The principal weakness of the manuscript, in its present form, is that only insufficient evidence are provided to allow judging how AVA can perform in more difficult tasks, for which software like SAP is often used. For example, can AVA perform robust tutor-pupil similarity measurement in zebra finches? Can it identify clusters in young zebra finches? There is also no serious attempt to show replicability across different training sets. Once these concerns are address I feel that the manuscript should be appropriate for publication.

We appreciate the reviewer’s positive assessment of the work. Based on the reviewer’s suggestions, we have implemented several new analyses detailed below. We hope the reviewer agrees that these significantly enhance the work by demonstrating the robustness and applicability of the VAE.

1. Detecting similarly as in Figure S5 across random repetition of the same zebra finch syllable spectrograms is not convincing enough. It is important to show how well can AVA performs when comparing tutor and pupil zebra finch songs. This testing should include examples of tutor pupil zebra finch songs (some with high similarity and others with lower similarity) should be plotted using UMAP projection as in Figure 6b.

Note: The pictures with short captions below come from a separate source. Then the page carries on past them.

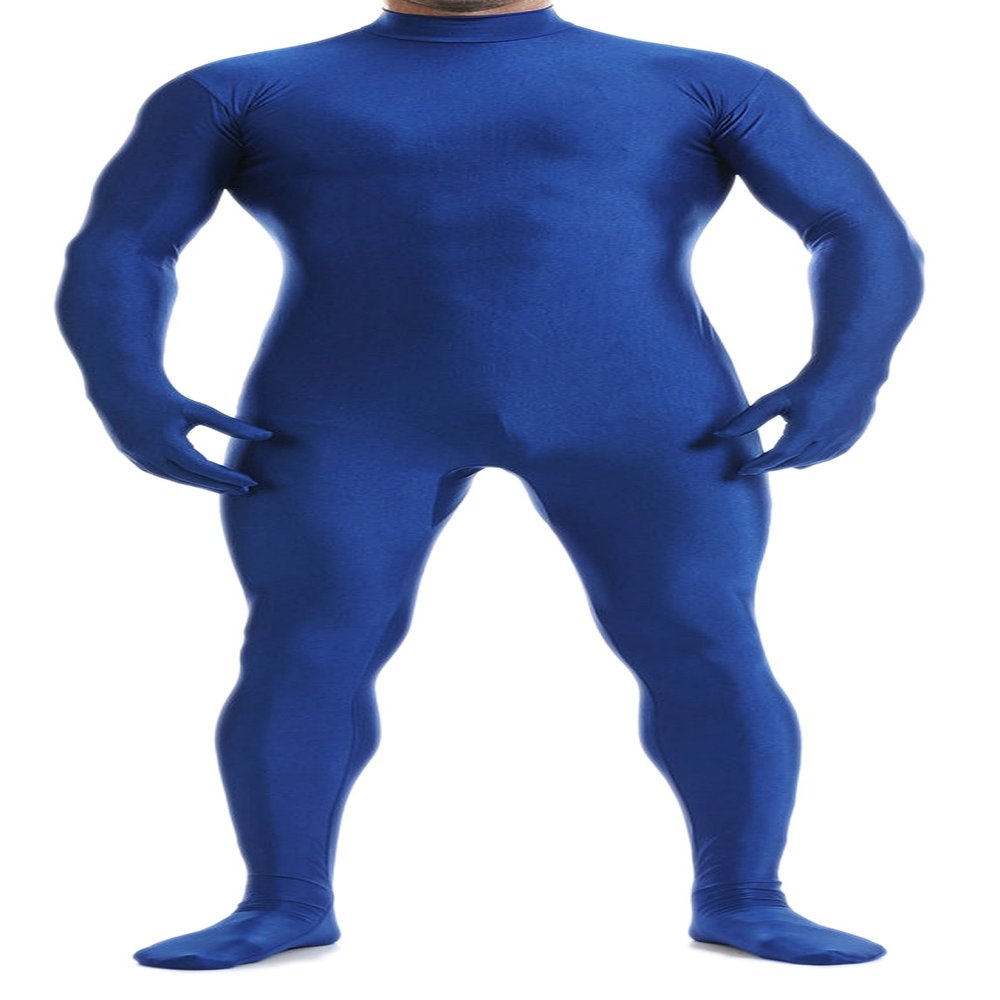 VSVO Unitard Skin-tight Solid Color Dance Wear for Adults and Children (XX-Large, Deep Blue)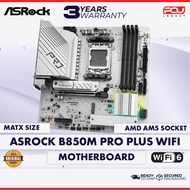ASROCK B850M PRO PLUS WIFI MATX AM5 MOTHERBOARD (3 YEARS WARRANTY)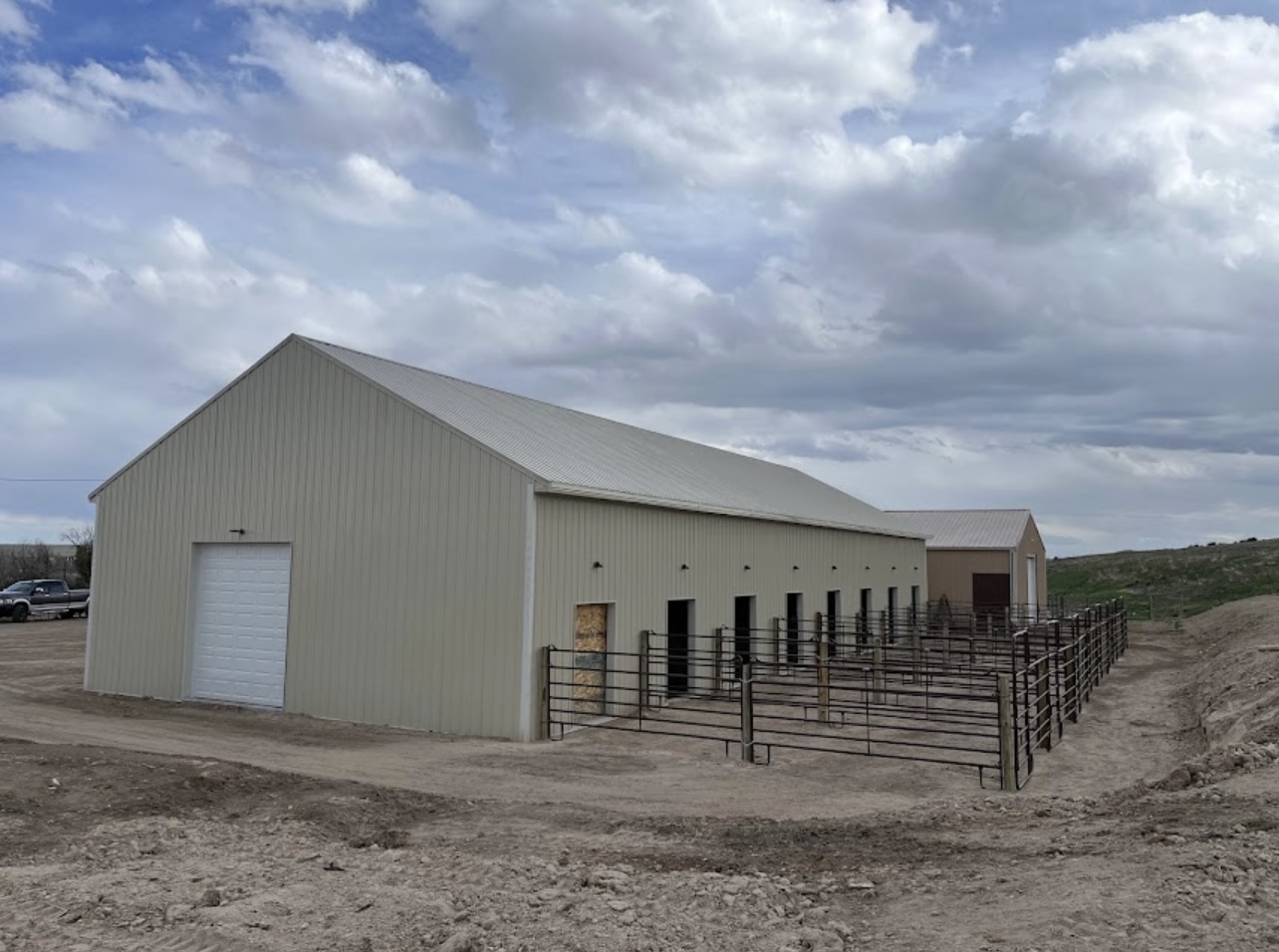 One of two barns with runs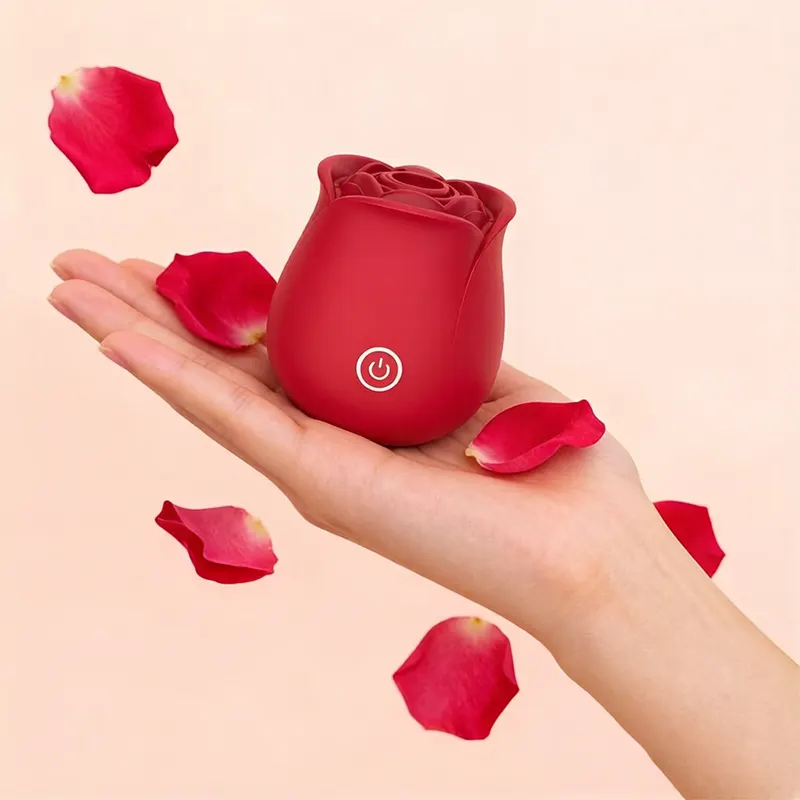 Red Rose Discreet Suction Toy - Image 3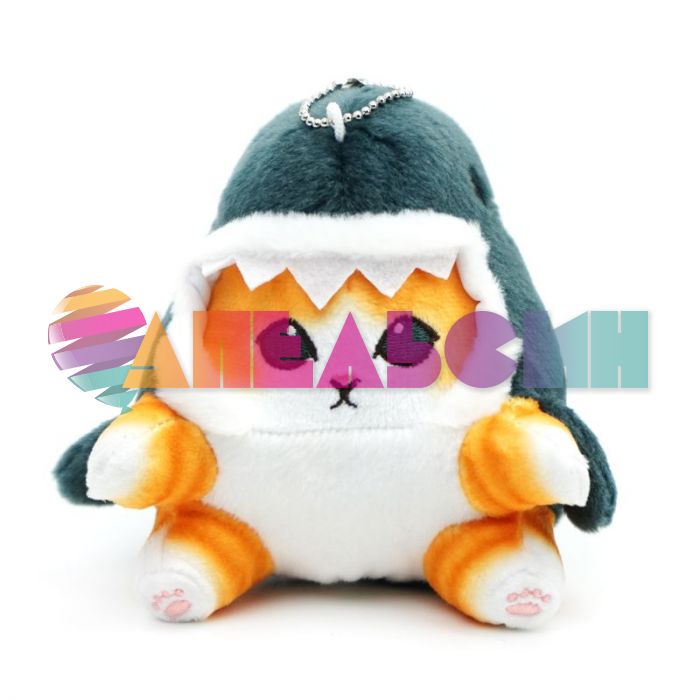 Игрушка Котик в костюме акулы 13см стоя 191145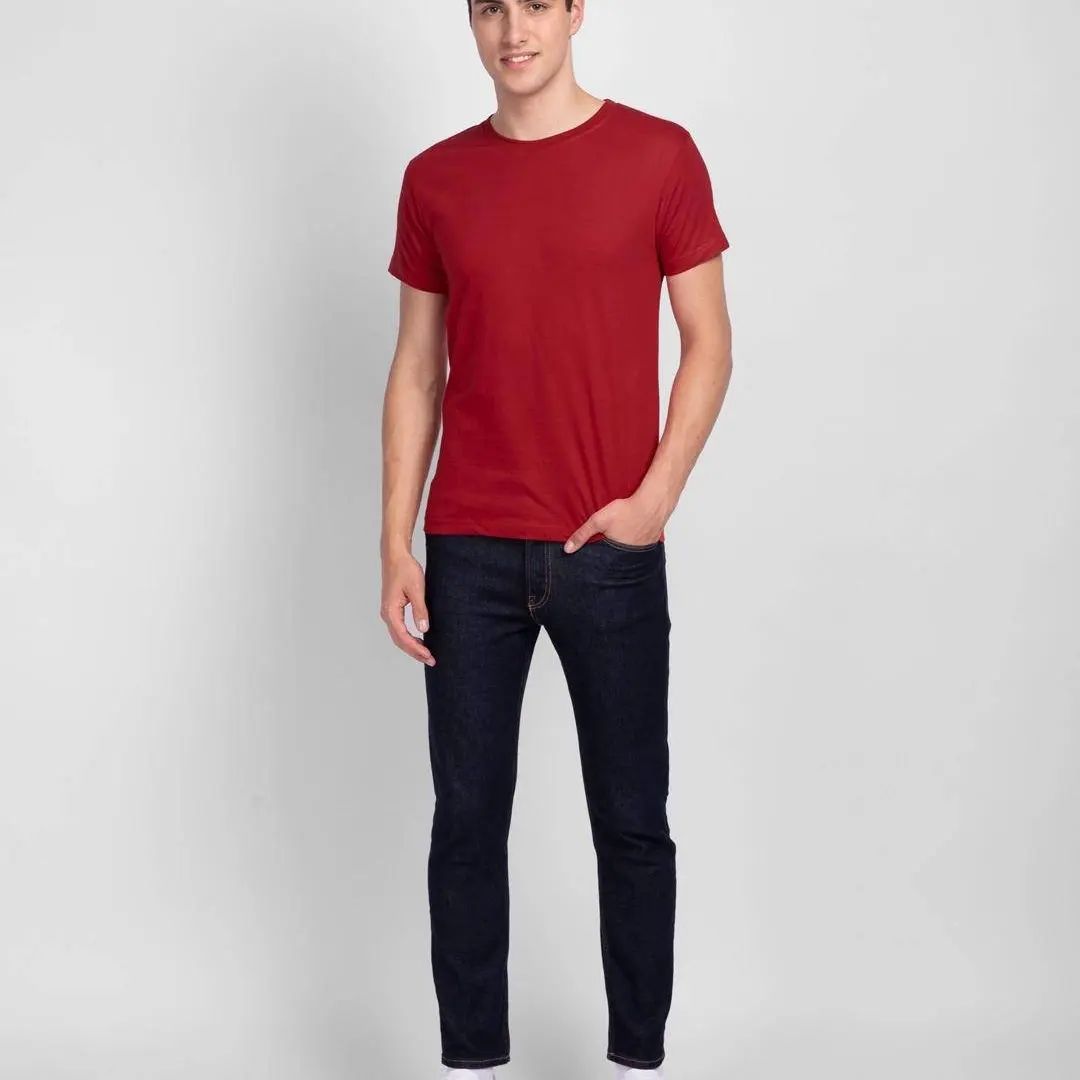 Men’s Stitched Round neck T shirt by Sahil Ahmad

This is an excellent suggestion. To address this, we have added an entirely new analysis (Figure 7) to test how well the VAE-based approach performs detecting tutor and pupil song similarity. In this analysis we take 10 pairs of zebra finch tutors and pupils and inspect the VAE’s learned representations using both syllable-based and shotgun VAE approaches. For both approaches, we find highly similar learned representations for the tutor and pupil pairs (Figure 7a,d). Additionally, we find that the VAE represents finer scale variations in the quality of song copying (Figure 7b,e) and demonstrate that the maximum mean discrepancy (MMD) metric proposed earlier in the manuscript is effective for quantifying the quality of song copying. We believe this constitutes a novel advance on current practice for quantifying tutor/pupil similarity in zebra finch song.

2. It is relatively easy to detect clusters in adult zebra finch songs, but to study song learning it is often needed to cluster song syllables in young birds. SAP can often detect clusters in 50-day old birds. I wonder if AVA can detect clusters even earlier? This would be a very convincing demonstration to the power and usability of the new approach. Again, it is critical to show how AVA behaves with presented with more challenging tasks.

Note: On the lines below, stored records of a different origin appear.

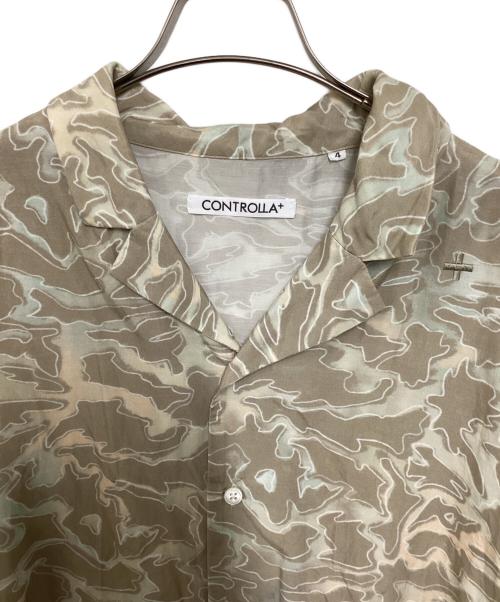 CONTROLLA+（コントローラープラス）CONTROLLA+ (コントローラープラス) 総柄シャツ ベージュ サイズ:4の古着・服飾アイテム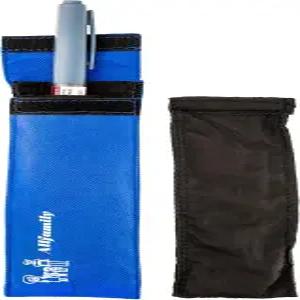 4ALLFAME 냉장실 온도 2 인슐린 펜 쿨링 팩 쿨러 여행용 케이스(1펜 소형)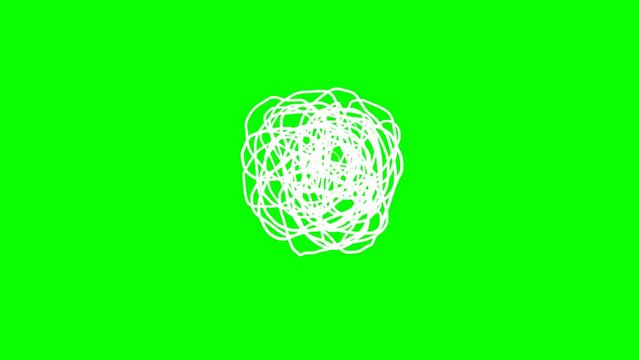 tangle, knot, animation, confused, confusion, difficulty, difficult, unhappy, overwhelmed, string, messy, simple, line, complex, ball, brain, hand-drawn, Doodle, sketch, pencil, symbol, icon, element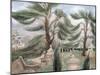 Chiswick House; Cedarssphinxes-Mary Kuper-Mounted Giclee Print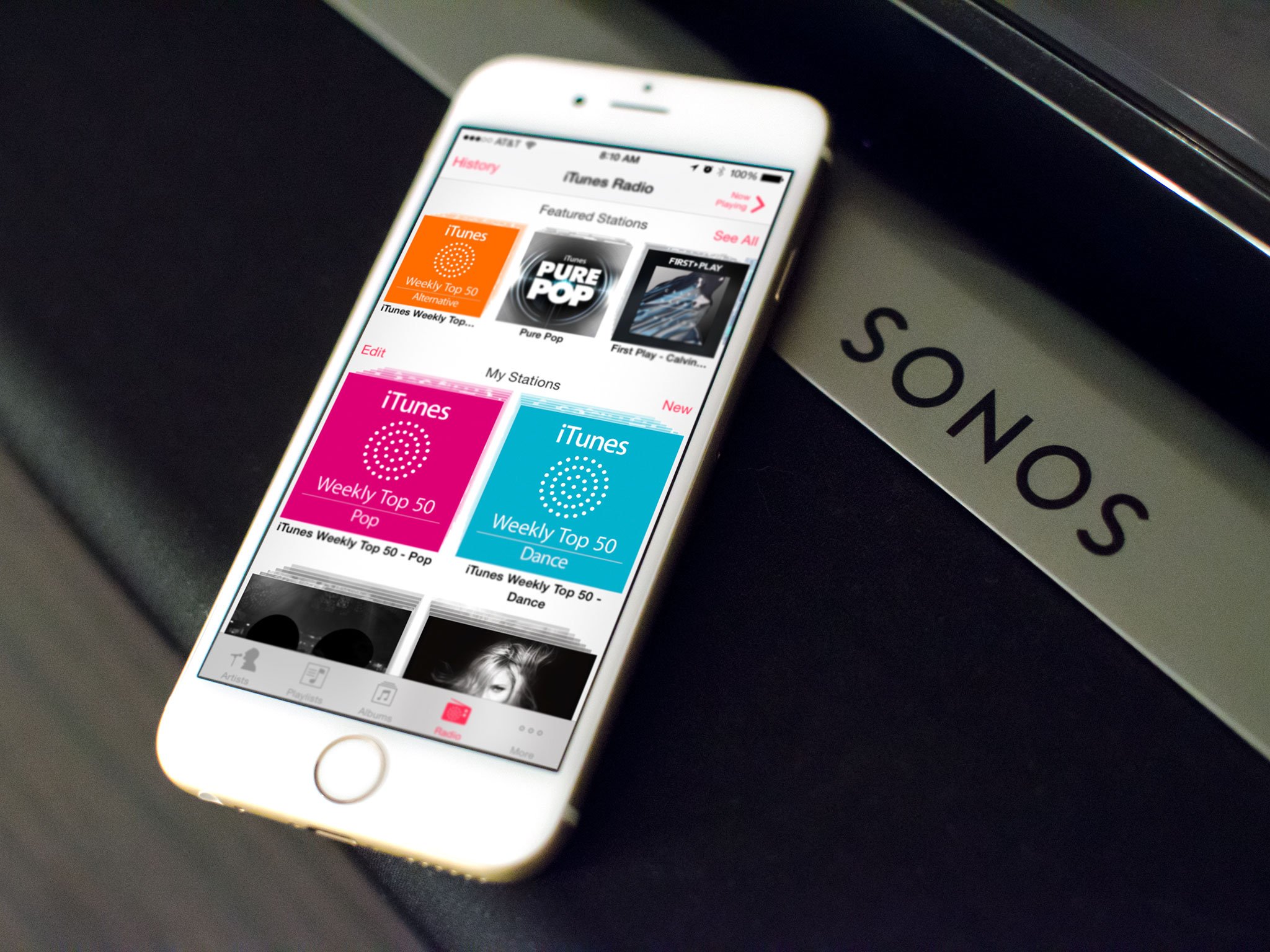 Как заставить iTunes Radio работать с вашей системой Sonos через AirPlay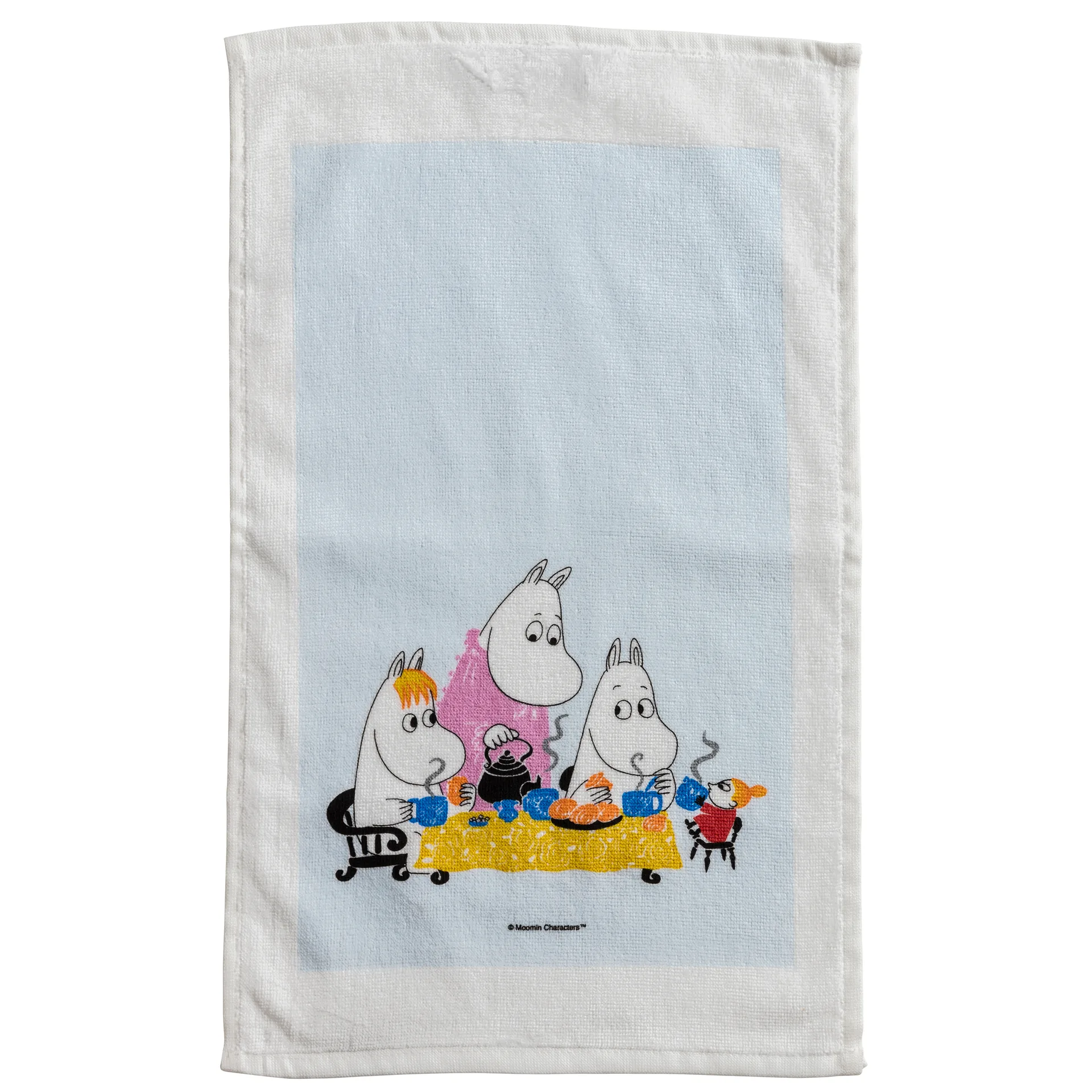 Mumin Teaparty Handtuch, Blau Opto Design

We agree with the reviewer that the ability to cluster adult songs is no surprise. We also agree that identifying syllables in young birds is a much more interesting test. Indeed, as part of a separate collaboration between our labs, we have been pursuing these questions. In practice, we find the major obstacle to detecting syllable clusters in very young birds is our ability to reliably segment syllables. In order to bypass this difficulty, we are currently using the shotgun VAE approach for analyzing the song of very young birds. Encouragingly, despite the segmenting difficulties, we find that the syllable-based VAE analysis identifies some structure in the song of a 50-day-old juvenile, including a clear separation between calls and subsong.

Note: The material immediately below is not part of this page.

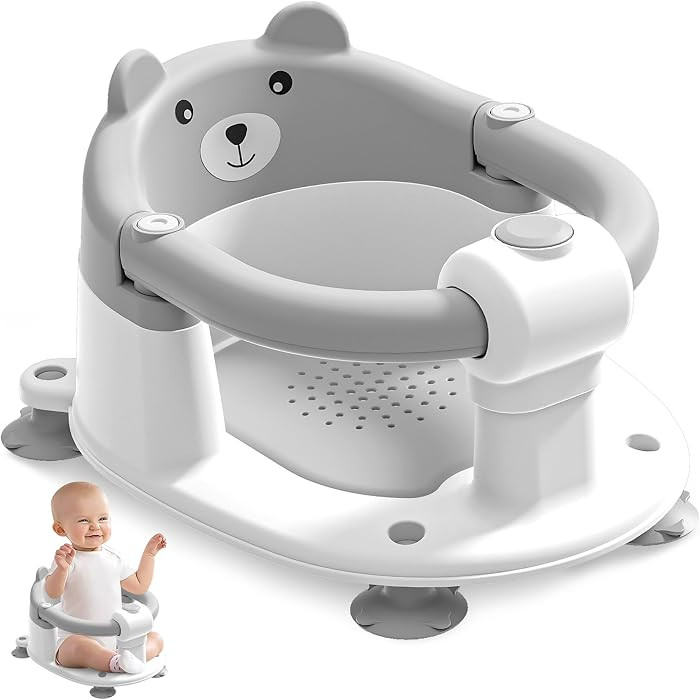 Baby Bath Seat for Babies 6 Months & up, Non-Slip Toddler Bath Seats for Babies Sitting Up, Safe ... | Amazon (US)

Largely the same structure is evident five days earlier, when the bird is 45 days old.

3. One issue that bothers me a lot is how the specific training of the algorithm might affect the outcomes. Say for example that lab 1 trained AVA with one dataset, and lab 2 trained AVA with a second dataset. But assume that both datasets were randomly sampled from the same population of birds. How comparable the results would be? For example will a similarity measurement of the same tutor and pupil would be comparable across the labs who trained AVA independently?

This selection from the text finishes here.